[Provided material Boundary: Start]
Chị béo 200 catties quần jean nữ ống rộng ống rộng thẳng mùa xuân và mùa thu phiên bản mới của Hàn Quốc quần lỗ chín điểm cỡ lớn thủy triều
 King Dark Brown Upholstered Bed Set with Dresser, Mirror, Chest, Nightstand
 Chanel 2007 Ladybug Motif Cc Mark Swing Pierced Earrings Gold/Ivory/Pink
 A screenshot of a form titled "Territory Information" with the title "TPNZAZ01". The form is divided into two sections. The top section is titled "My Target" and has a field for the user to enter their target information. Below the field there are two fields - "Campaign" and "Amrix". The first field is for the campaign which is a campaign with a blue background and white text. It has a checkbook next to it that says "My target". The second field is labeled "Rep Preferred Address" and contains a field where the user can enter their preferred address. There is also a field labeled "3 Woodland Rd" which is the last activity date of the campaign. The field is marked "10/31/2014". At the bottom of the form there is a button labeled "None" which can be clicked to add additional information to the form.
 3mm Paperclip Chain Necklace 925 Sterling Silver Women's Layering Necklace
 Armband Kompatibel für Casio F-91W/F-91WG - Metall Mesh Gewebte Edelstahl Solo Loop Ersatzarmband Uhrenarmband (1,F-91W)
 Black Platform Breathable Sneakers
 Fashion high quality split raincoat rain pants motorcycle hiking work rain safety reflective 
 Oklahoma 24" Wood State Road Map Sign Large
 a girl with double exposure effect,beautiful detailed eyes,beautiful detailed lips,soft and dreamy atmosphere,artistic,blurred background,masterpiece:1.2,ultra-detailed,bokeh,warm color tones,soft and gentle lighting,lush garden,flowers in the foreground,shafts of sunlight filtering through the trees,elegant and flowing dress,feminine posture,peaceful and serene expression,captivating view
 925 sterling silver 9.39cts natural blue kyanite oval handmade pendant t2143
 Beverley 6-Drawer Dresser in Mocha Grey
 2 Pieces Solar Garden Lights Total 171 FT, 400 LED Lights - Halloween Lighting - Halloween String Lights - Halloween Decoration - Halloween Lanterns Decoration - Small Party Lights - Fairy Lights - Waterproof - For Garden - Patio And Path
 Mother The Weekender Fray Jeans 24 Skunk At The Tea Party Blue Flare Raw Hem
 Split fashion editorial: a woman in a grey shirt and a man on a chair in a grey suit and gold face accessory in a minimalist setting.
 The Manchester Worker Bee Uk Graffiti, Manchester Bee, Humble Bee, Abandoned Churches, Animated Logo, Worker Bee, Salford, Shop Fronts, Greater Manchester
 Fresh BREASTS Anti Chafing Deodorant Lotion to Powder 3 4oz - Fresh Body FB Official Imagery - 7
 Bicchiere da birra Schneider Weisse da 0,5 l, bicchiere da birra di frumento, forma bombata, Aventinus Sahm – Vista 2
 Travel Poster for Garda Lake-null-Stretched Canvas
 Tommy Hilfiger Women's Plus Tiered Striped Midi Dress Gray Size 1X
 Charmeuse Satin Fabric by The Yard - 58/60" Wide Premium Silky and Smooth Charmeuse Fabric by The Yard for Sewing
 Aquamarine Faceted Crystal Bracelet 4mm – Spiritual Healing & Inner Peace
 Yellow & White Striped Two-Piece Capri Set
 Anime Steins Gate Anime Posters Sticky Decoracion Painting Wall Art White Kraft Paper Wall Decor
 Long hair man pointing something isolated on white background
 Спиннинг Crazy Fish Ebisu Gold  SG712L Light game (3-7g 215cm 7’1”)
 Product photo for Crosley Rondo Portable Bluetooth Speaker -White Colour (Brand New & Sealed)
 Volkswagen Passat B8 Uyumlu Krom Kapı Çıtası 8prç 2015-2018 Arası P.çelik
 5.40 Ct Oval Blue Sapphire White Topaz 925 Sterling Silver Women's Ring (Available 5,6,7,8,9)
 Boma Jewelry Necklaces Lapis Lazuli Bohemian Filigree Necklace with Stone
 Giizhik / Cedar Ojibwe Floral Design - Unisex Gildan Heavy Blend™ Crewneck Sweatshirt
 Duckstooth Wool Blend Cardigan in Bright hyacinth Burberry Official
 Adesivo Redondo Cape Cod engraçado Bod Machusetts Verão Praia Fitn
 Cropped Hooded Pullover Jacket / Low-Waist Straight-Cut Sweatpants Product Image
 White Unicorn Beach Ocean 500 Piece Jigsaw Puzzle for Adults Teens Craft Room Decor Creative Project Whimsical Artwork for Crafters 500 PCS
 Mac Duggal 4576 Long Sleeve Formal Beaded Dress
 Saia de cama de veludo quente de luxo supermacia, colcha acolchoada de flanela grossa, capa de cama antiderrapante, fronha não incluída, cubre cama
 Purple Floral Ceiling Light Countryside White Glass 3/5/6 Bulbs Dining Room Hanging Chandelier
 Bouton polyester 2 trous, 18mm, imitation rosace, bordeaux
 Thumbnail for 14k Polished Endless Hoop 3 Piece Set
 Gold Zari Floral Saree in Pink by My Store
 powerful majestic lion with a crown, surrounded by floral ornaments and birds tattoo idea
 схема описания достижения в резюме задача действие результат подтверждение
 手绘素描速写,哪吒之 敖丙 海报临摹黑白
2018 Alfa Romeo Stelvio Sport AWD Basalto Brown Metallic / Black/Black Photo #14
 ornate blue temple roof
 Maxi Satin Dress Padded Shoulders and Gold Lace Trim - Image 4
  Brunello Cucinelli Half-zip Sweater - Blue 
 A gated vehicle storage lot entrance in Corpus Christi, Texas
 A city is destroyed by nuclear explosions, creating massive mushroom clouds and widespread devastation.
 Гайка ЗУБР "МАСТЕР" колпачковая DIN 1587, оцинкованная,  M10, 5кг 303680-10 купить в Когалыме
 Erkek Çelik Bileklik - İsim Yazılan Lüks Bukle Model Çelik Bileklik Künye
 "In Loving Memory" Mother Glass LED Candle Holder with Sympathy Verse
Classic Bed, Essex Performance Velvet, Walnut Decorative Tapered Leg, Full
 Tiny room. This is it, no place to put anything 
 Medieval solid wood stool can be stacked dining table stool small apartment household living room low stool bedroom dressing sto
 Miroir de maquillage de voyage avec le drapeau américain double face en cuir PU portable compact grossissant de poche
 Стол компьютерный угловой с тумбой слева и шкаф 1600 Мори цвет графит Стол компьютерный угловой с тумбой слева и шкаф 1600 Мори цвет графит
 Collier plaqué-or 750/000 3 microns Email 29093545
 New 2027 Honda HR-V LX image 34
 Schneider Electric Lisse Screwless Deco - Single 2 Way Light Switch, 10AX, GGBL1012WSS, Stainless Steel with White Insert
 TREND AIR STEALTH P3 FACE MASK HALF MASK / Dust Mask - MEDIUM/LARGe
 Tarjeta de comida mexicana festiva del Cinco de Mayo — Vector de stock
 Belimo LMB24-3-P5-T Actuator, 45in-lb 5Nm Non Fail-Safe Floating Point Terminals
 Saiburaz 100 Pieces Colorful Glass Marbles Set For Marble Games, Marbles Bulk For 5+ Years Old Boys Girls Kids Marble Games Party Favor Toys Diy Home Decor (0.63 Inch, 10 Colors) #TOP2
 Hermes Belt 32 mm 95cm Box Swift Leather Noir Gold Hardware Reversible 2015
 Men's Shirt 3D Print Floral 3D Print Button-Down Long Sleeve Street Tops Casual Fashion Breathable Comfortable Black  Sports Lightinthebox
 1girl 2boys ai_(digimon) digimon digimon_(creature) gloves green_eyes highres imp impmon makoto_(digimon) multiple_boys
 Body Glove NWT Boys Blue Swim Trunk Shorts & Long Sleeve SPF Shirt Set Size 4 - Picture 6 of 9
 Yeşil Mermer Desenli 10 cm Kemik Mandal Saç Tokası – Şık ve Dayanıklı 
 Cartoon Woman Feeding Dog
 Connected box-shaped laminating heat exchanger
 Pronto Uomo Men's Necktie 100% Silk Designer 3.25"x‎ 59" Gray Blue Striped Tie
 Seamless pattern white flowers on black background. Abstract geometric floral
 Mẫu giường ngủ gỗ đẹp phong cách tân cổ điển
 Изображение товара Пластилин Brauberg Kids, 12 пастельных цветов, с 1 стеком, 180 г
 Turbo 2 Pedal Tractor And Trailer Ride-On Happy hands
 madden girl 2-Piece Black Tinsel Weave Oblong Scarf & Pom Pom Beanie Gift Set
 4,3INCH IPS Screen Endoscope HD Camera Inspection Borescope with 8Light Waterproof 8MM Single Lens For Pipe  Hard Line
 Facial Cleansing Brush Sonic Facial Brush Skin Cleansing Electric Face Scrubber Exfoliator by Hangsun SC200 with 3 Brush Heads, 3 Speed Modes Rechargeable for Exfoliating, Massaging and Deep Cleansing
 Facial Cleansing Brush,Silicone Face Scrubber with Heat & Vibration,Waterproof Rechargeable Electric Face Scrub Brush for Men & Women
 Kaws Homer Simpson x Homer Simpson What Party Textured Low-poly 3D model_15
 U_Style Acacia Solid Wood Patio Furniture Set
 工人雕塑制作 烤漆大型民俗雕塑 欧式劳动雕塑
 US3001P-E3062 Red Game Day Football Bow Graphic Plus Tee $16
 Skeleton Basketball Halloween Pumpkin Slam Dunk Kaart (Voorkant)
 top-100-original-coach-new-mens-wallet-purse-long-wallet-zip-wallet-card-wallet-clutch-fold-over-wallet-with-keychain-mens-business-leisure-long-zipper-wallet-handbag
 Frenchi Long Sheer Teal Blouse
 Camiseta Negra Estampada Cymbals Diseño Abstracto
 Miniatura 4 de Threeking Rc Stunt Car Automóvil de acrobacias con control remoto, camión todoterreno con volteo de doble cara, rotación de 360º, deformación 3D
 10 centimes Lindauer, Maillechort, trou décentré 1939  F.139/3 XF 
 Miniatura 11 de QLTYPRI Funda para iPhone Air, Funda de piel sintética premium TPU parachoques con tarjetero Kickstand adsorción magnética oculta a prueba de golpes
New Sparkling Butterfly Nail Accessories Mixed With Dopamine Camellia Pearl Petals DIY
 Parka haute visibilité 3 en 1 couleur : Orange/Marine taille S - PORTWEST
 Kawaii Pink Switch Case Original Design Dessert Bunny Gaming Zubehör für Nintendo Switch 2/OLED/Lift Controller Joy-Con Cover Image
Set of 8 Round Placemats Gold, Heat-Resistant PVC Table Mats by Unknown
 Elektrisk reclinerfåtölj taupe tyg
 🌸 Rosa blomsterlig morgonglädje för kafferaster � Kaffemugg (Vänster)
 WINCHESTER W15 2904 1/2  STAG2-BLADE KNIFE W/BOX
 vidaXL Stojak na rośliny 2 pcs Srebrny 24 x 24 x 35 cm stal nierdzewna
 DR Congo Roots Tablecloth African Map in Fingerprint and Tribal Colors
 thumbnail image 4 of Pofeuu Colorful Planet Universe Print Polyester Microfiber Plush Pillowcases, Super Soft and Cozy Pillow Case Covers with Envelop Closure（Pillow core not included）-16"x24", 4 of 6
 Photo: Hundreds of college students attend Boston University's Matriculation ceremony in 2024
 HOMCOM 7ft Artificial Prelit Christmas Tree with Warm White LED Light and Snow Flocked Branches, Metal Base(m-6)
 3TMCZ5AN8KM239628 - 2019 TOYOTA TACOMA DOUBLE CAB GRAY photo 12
[Provided material Boundary: End]
- **Task prompt**: Send back exactly the lines of the listing above starting at the one with "5.40 Ct Oval" and ending at the one with "Mac Duggal 4576", inclusive, and no others.

- **Solution for this exercise**:
 5.40 Ct Oval Blue Sapphire White Topaz 925 Sterling Silver Women's Ring (Available 5,6,7,8,9)
 Boma Jewelry Necklaces Lapis Lazuli Bohemian Filigree Necklace with Stone
 Giizhik / Cedar Ojibwe Floral Design - Unisex Gildan Heavy Blend™ Crewneck Sweatshirt
 Duckstooth Wool Blend Cardigan in Bright hyacinth Burberry Official
 Adesivo Redondo Cape Cod engraçado Bod Machusetts Verão Praia Fitn
 Cropped Hooded Pullover Jacket / Low-Waist Straight-Cut Sweatpants Product Image
 White Unicorn Beach Ocean 500 Piece Jigsaw Puzzle for Adults Teens Craft Room Decor Creative Project Whimsical Artwork for Crafters 500 PCS
 Mac Duggal 4576 Long Sleeve Formal Beaded Dress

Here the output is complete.